WHAT NEEDS TO BE DONE
Copy the records below exactly, omitting any pictures they contain.

MATERIAL FOR THIS TASK
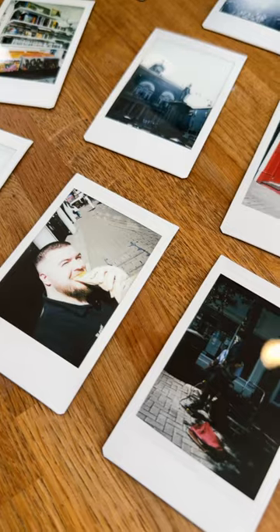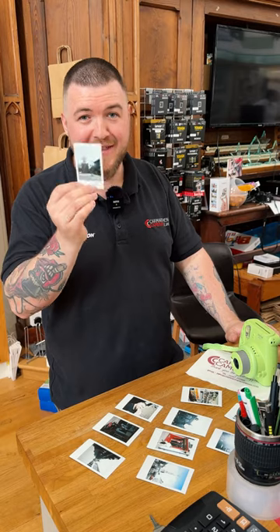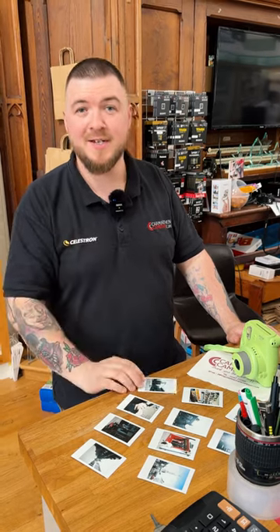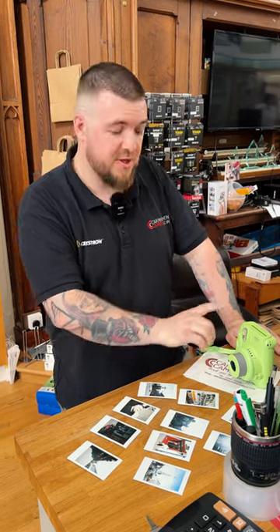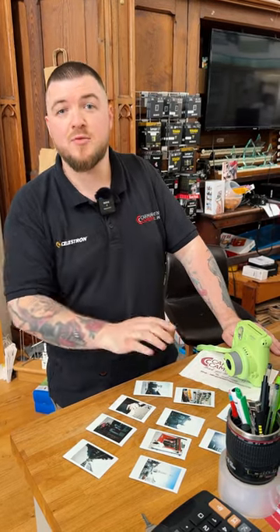That's my time with the Fujifilm Instax Mini 9. I loved using the camera — it's amazing, and the fact that you get these photos out in seconds is a plus. If you want to buy one, they're on our website from £69 just for the camera, or £79 with 10 shots included.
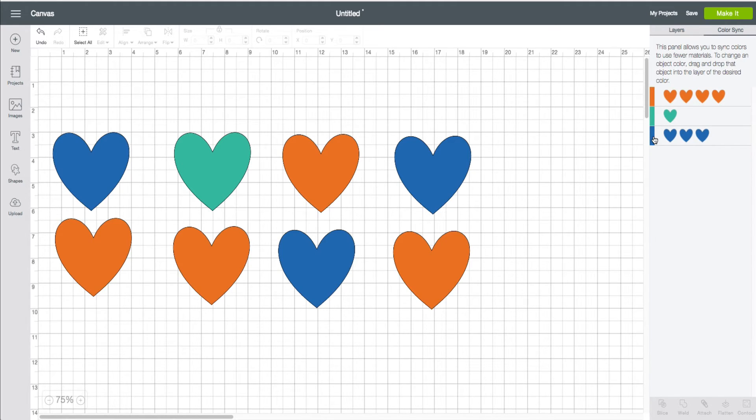Take a look at this — I've got this group of three. If I click on the blue tab here, I can go ahead and drag it up there and now I just changed the color. It makes it very easy when you're trying to consolidate and save material with Color Sync, because any variation of the color will result in a new mat when you click on the Make It button.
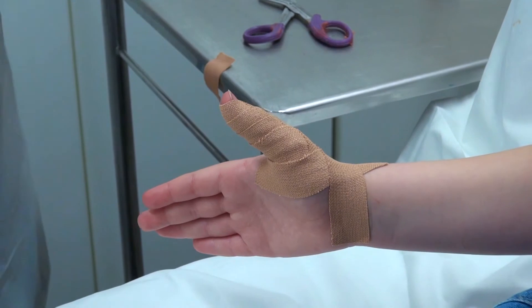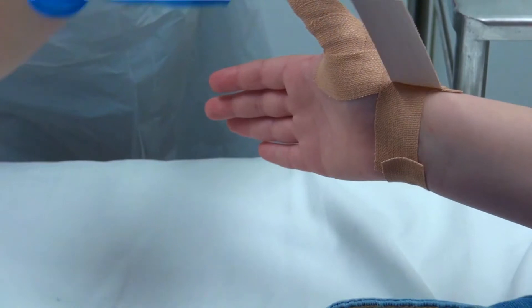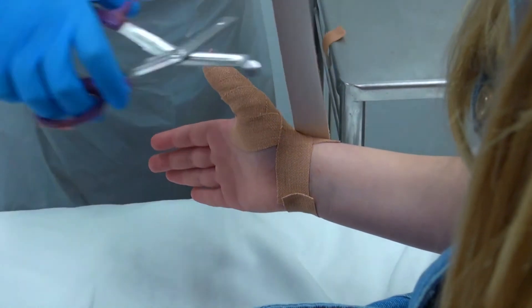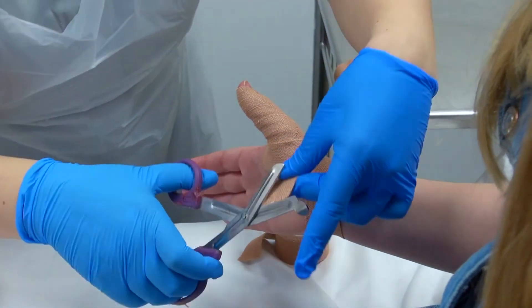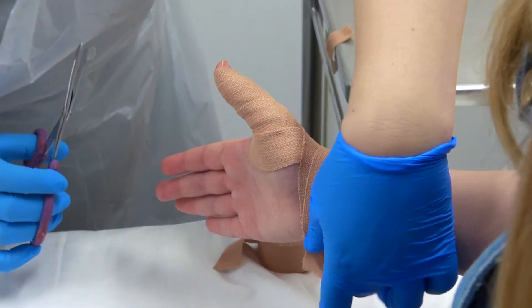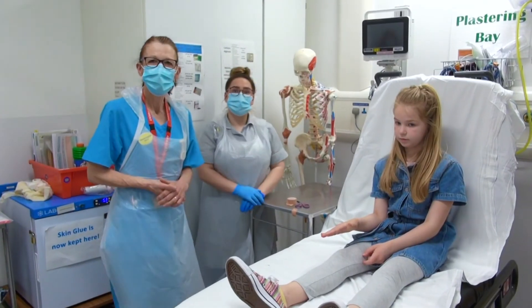Any loose tape, you can just do one loosely just around the wrist. And that's how we apply a thumb spica.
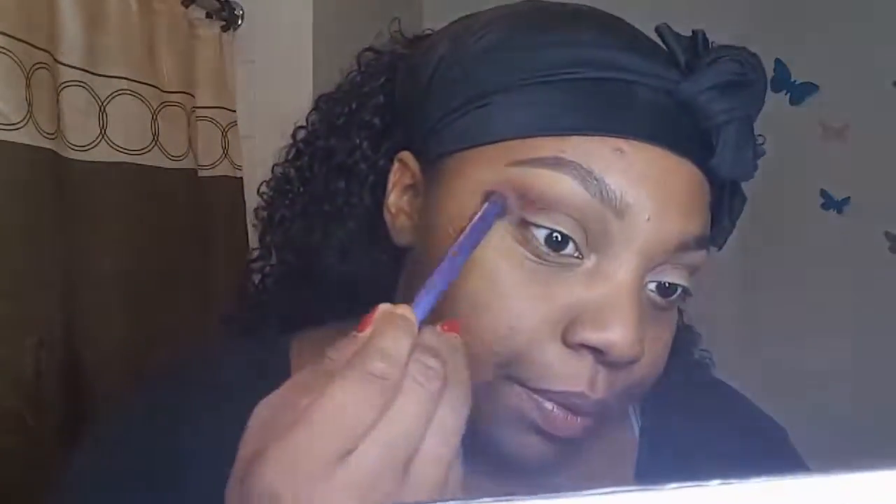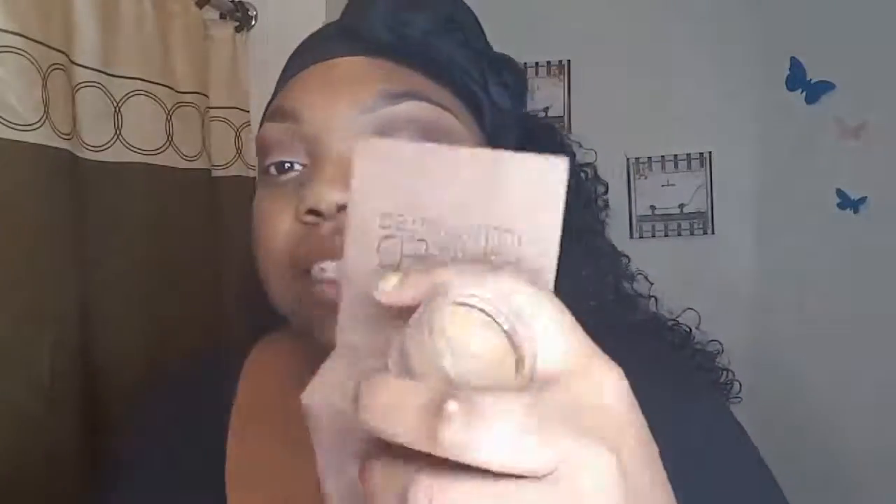I already primed my eyes with Anastasia Beverly Hills concealer — concealer is the best. Now I'm going with my favorite palette, Anastasia Beverly Hills Modern Renaissance, in the color Love Letter, and I'm going over that. Buff that in your crease. I did one eye off camera just to save time. Now I'm just going back in with that Plum color, the single eyeshadow from Anastasia Beverly Hills.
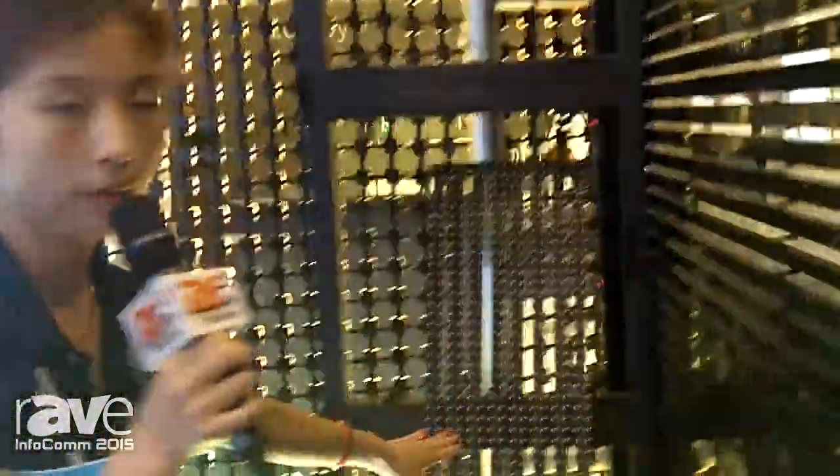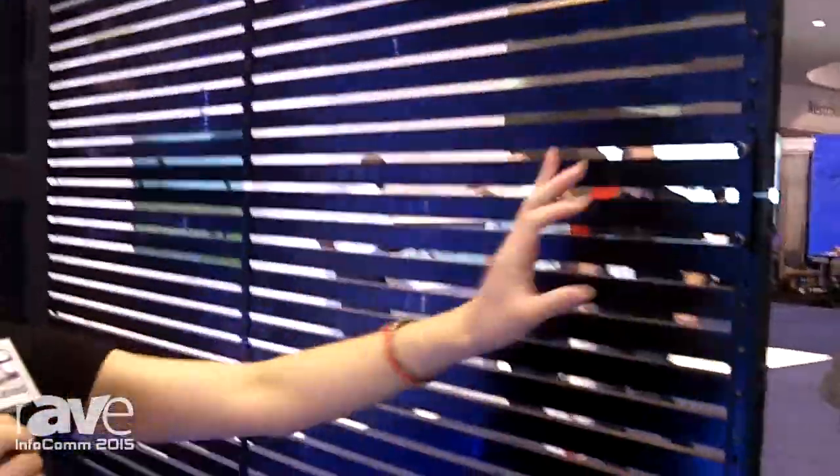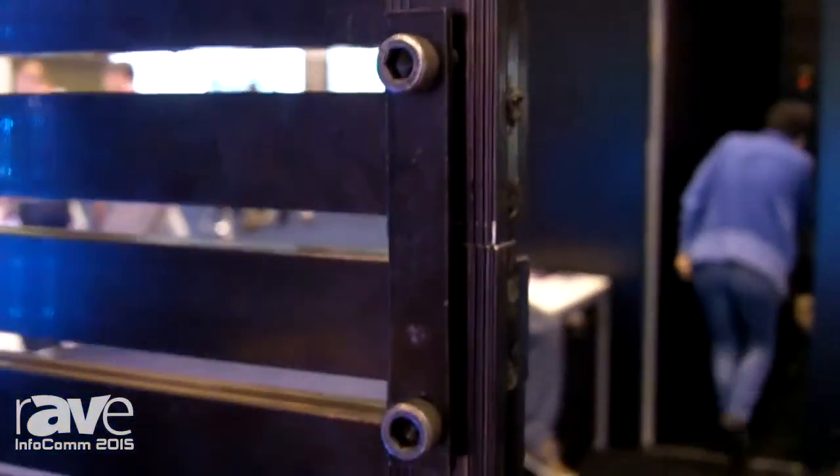let's come to the back side. This is one module — 1.5 meters by 250 millimeters in size. Each module is connected together to be a larger screen. You can see that this is a kind of ground standing installation. You can also hang it on the truss for rental application. The connection is very easy, and also the price for this one is very competitive.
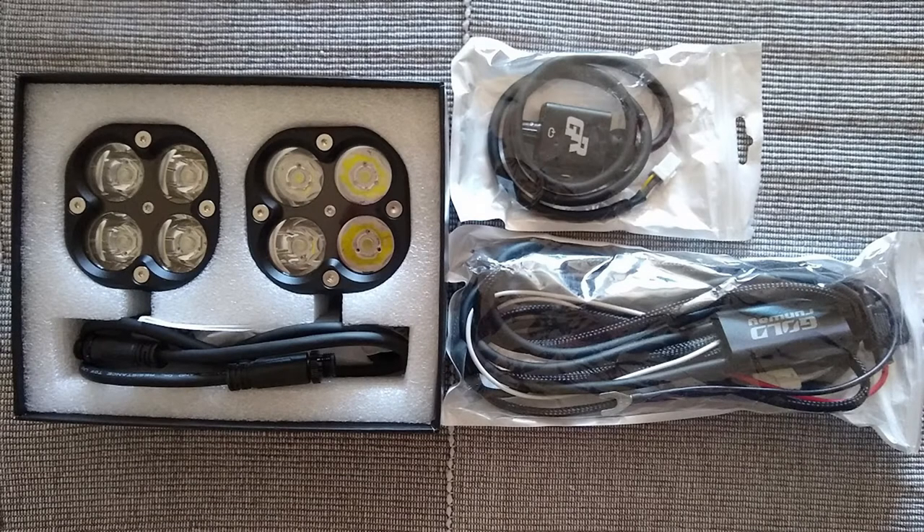I've received the gold runway lights just under a week after having ordered them from AliExpress. Happy about the prompt dispatch and good service from DHL.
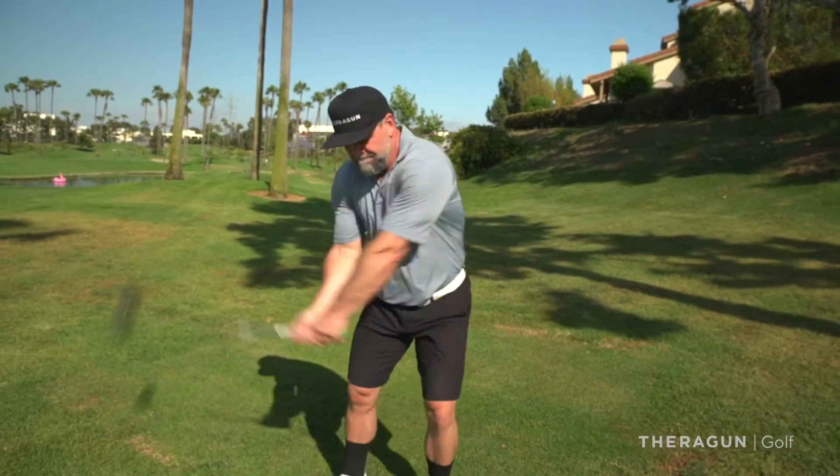Hey everybody, Dr. Jason here. I'm on the golf course — let's talk about back pain. Think about what you do when you're driving to a course: you're sitting down, you get to the course, and now suddenly you have to do these large dynamic movements. Then you get back in your cart, and by the third or fourth hole you're walking around like you've got something in your back pocket that weighs a thousand pounds. That's your low back pain.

PROBLEM SOLUTION
That's my time with the Fujifilm Instax Mini 9. I loved using the camera — it's amazing, and the fact that you get these photos out in seconds is a plus. If you want to buy one, they're on our website from £69 just for the camera, or £79 with 10 shots included.
Take a look at this — I've got this group of three. If I click on the blue tab here, I can go ahead and drag it up there and now I just changed the color. It makes it very easy when you're trying to consolidate and save material with Color Sync, because any variation of the color will result in a new mat when you click on the Make It button.
Any loose tape, you can just do one loosely just around the wrist. And that's how we apply a thumb spica.
I already primed my eyes with Anastasia Beverly Hills concealer — concealer is the best. Now I'm going with my favorite palette, Anastasia Beverly Hills Modern Renaissance, in the color Love Letter, and I'm going over that. Buff that in your crease. I did one eye off camera just to save time. Now I'm just going back in with that Plum color, the single eyeshadow from Anastasia Beverly Hills.
let's come to the back side. This is one module — 1.5 meters by 250 millimeters in size. Each module is connected together to be a larger screen. You can see that this is a kind of ground standing installation. You can also hang it on the truss for rental application. The connection is very easy, and also the price for this one is very competitive.
I've received the gold runway lights just under a week after having ordered them from AliExpress. Happy about the prompt dispatch and good service from DHL.
Hey everybody, Dr. Jason here. I'm on the golf course — let's talk about back pain. Think about what you do when you're driving to a course: you're sitting down, you get to the course, and now suddenly you have to do these large dynamic movements. Then you get back in your cart, and by the third or fourth hole you're walking around like you've got something in your back pocket that weighs a thousand pounds. That's your low back pain.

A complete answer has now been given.